La democracia no ha conseguido, al menos todavía, que los españoles dejemos de pensar en los Reyes Magos, en que las soluciones vengan de arriba, que caigamos en que nuestro porvenir depende solamente de nosotros. Ahora se ha hecho corriente la crítica a los políticos, a los partidos, y no seré yo quien diga que no está archijustificada, pero resulta estéril e hipócrita si no va seguida de una reflexión elemental: los políticos son así porque nosotros les permitimos serlo, porque hacen con sus poderes lo mismo que nosotros hacemos con los nuestros, ir a lo suyo, evitar la competencia de otros, mentir a nuestro favor, hacer como que hacemos, y un sinfín de corruptelas similares.
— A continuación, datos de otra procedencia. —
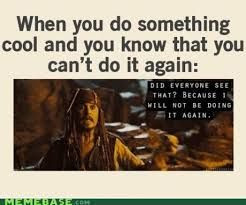 favorite pirates of the caribbean quote. I use it all the time... And ...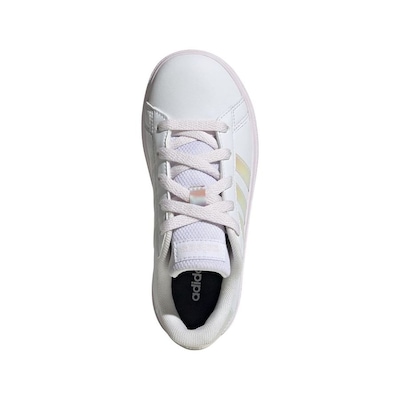 Tênis Infantil adidas Grand 2.0 K - Foto 5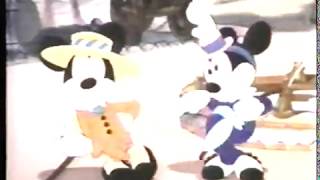 Music  1989  Disney Animation Sing Along Song  While Strolling Through The Park On Day [upl. by Armbruster]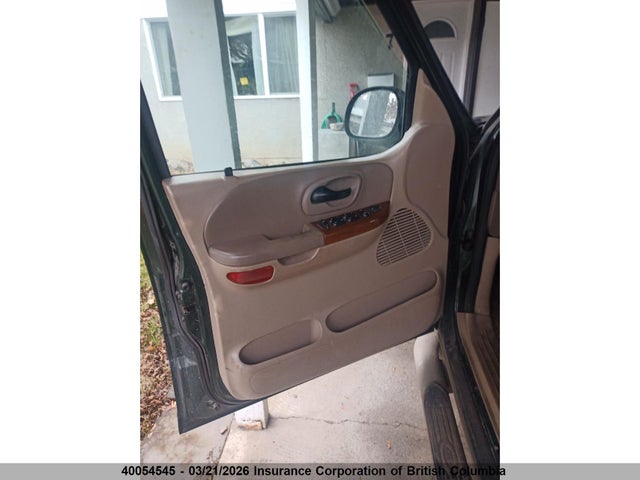 Aukcja sprzedaży 2003 Ford F150, vin: 1FTRW08L63KB04568, numer aukcji: 40054545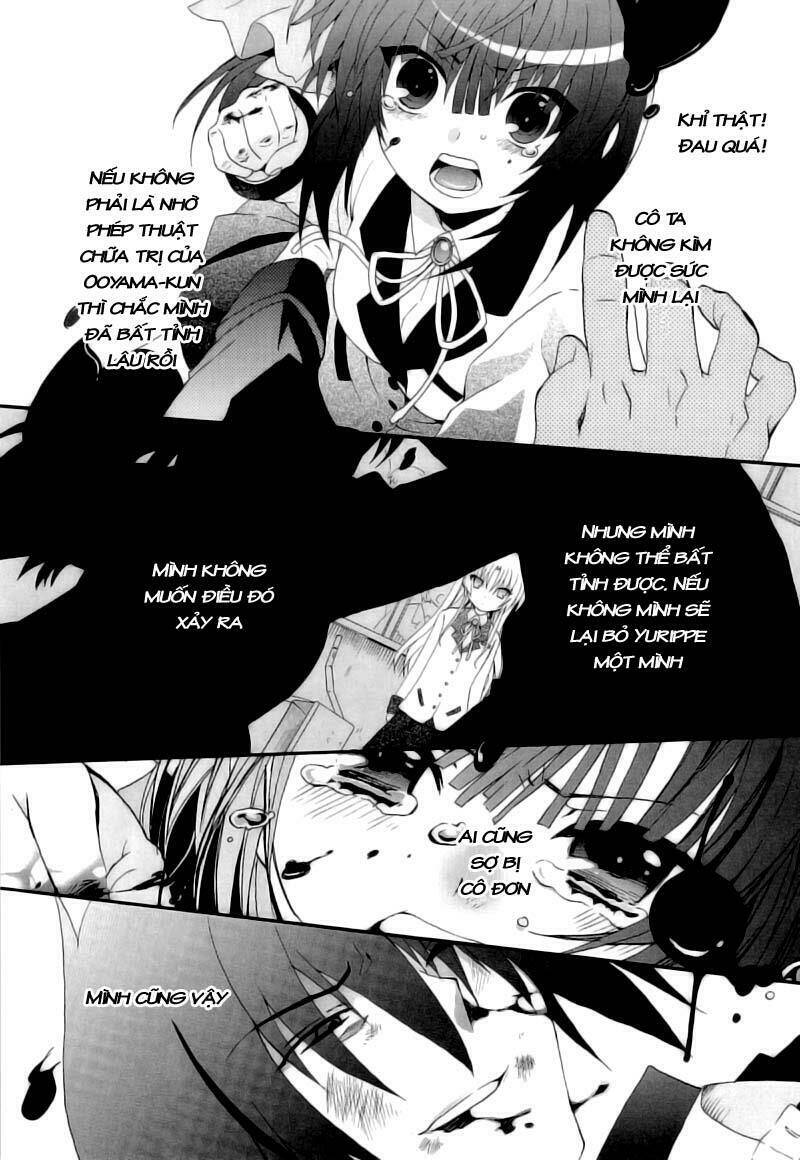 Angel Beats! Heaven Chapter 6 - Trang 2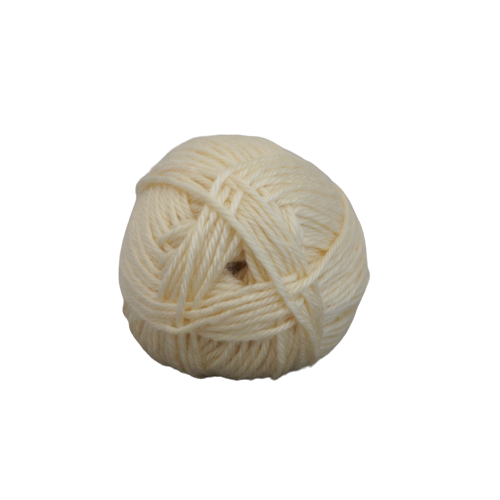 Düz Renk Klasik 34-Krem (Yünlü)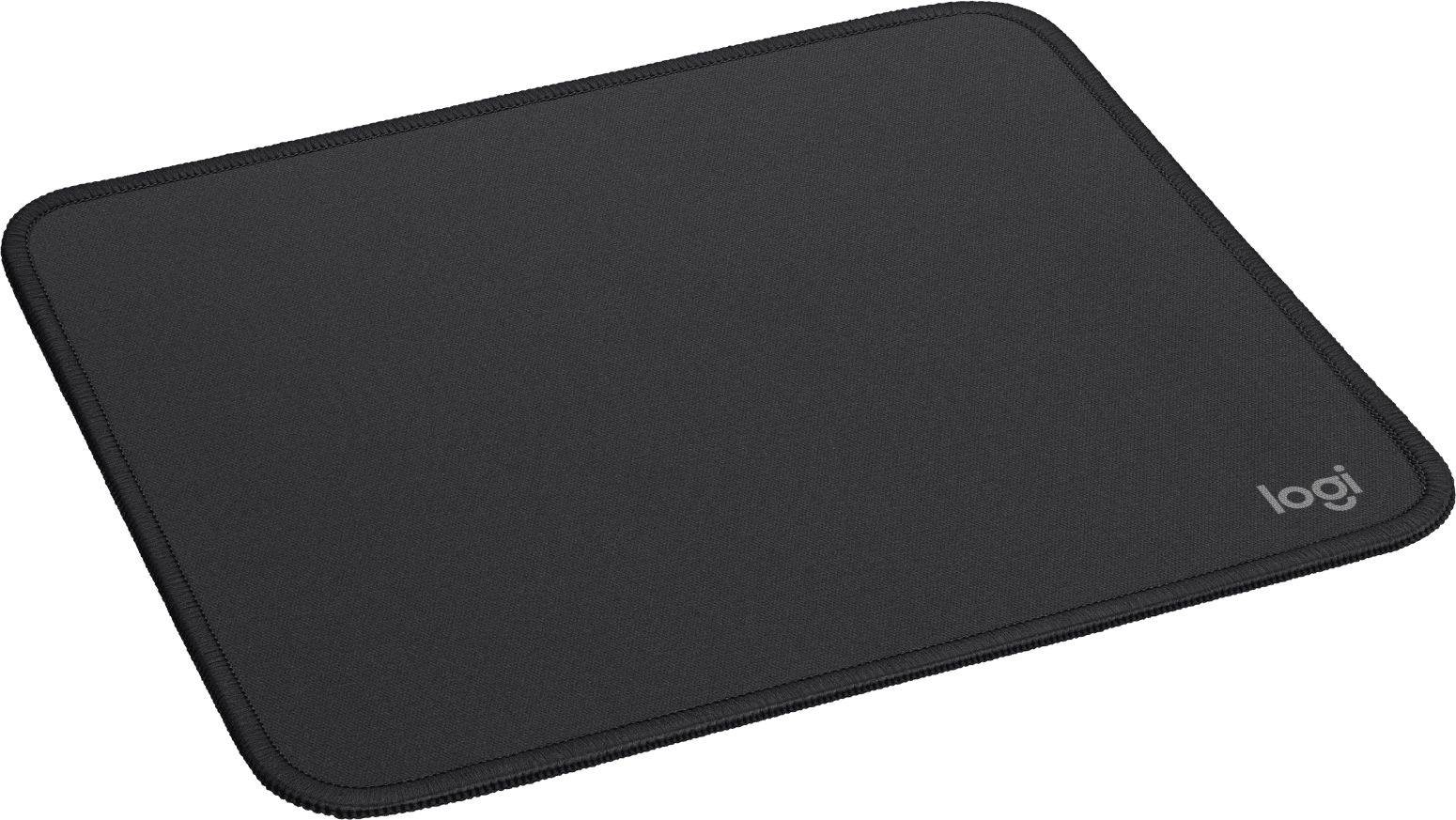 Коврик для мыши Logitech Studio Mouse Pad темно-серый (956-000049)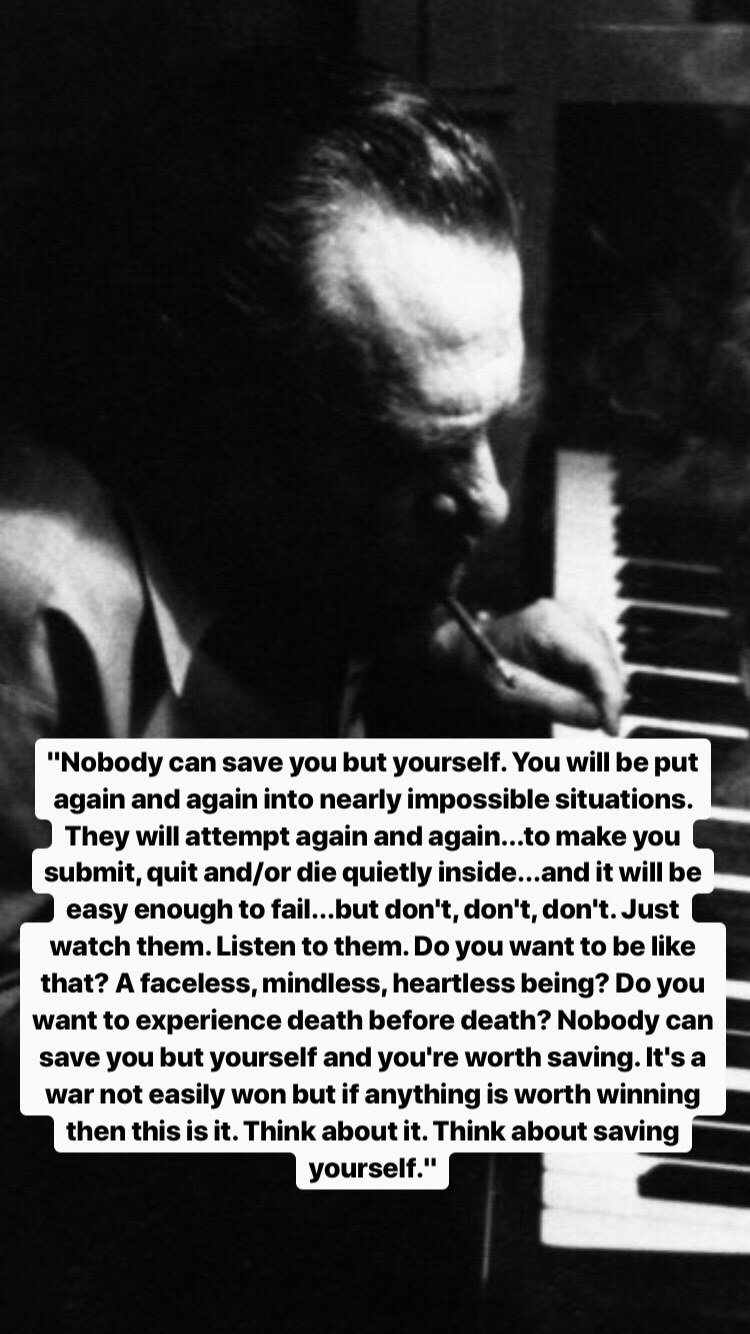 Photo of Charles Bukowski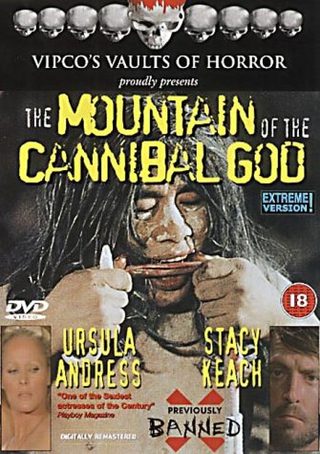 The Mountain of the Cannibal God still 8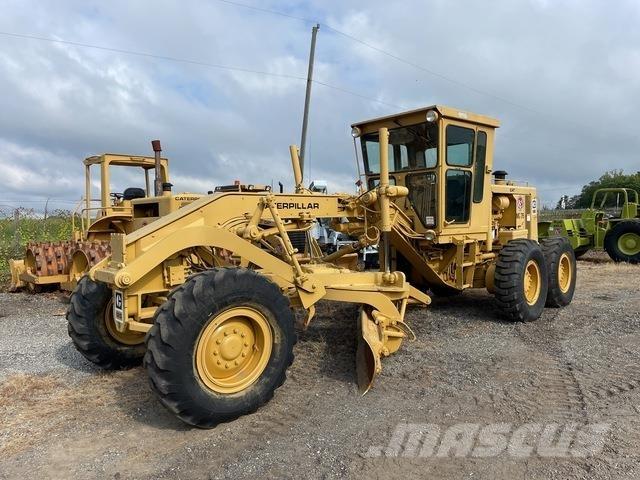 CAT 12G Gredere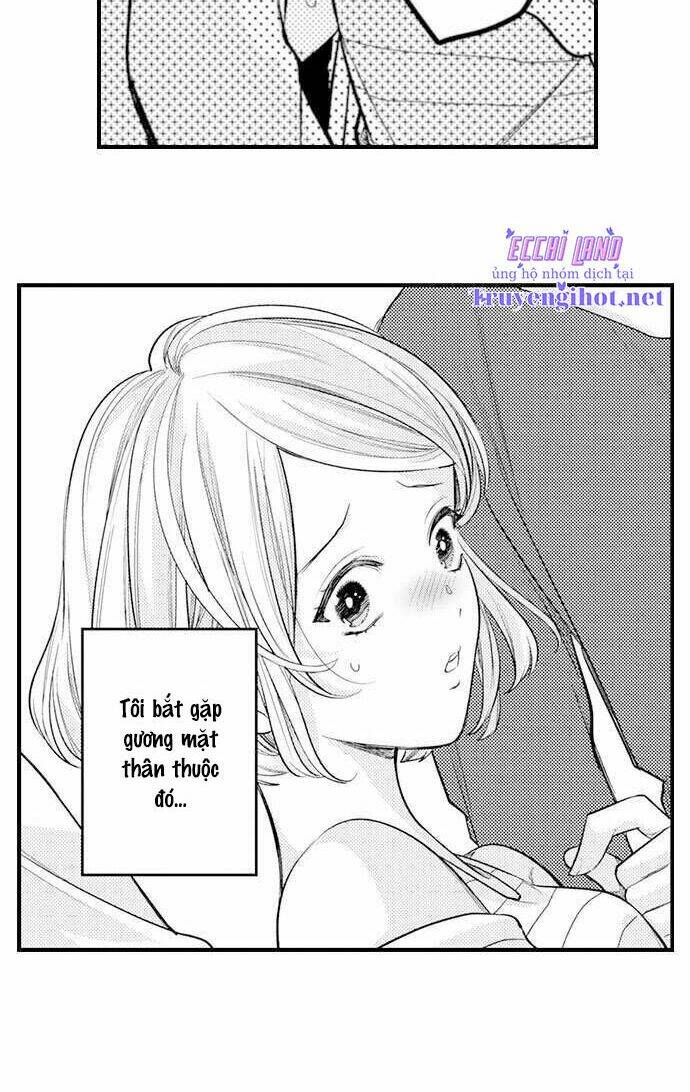 giả vờ ngủ cũng không ngăn được anh ấy chapter 97.1 5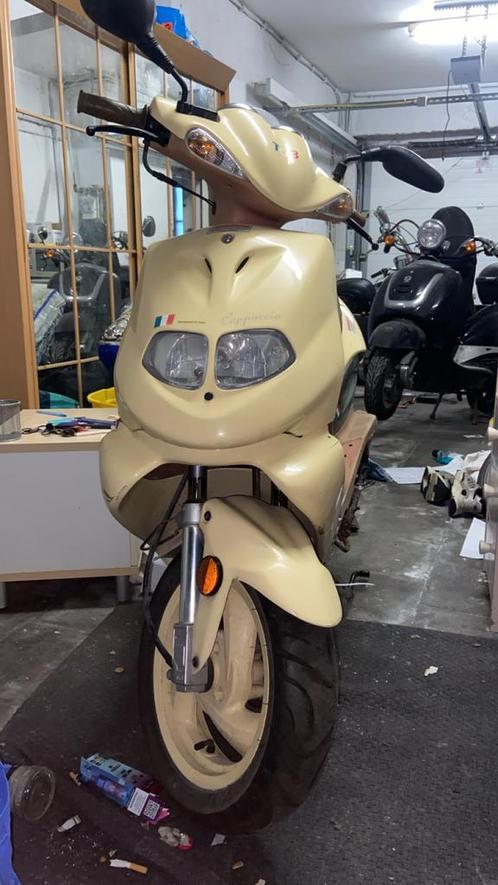 TGB, Cappuccio, Fietsen en Brommers, Scooters | Overige merken, Gebruikt, Klasse A (25 km/u), Benzine, Ophalen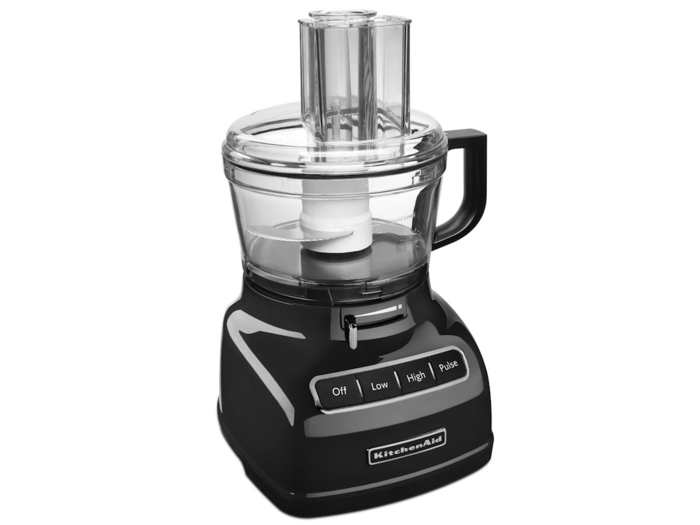 A food processor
¿Es que nuestros grandes empresarios son mejores? ¿Es que nuestras universidades les mojan la oreja a las americanas y a las inglesas a un tiempo? ¿Es que nuestra tecnología es siempre la más avanzada del mundo? ¿Es que nuestros periódicos son los más objetivos y decentes que se pueda imaginar? ¿Es que nuestras instituciones, empezando por la Justicia, se baten bravamente por su independencia y su responsabilidad? Tenemos derecho a soñar, pero lo primero sería que nos fuésemos sacudiendo esa pereza moral, la rutina que nos lleva a repetir una y otra vez las mismas quejas; de esta manera estaremos legitimados para exigir algo distinto, y, sobre todo, seríamos capaces de imponerlo. Es imposible una España mejor sin que cada uno se esfuerce por sacar de si lo mejor de sí mismo, sin dejar de pactar con lo que es cutre e ilógico en el ámbito de cada cual, porque la mediocridad pública resulta inevitablemente de una suma simple de fracasos.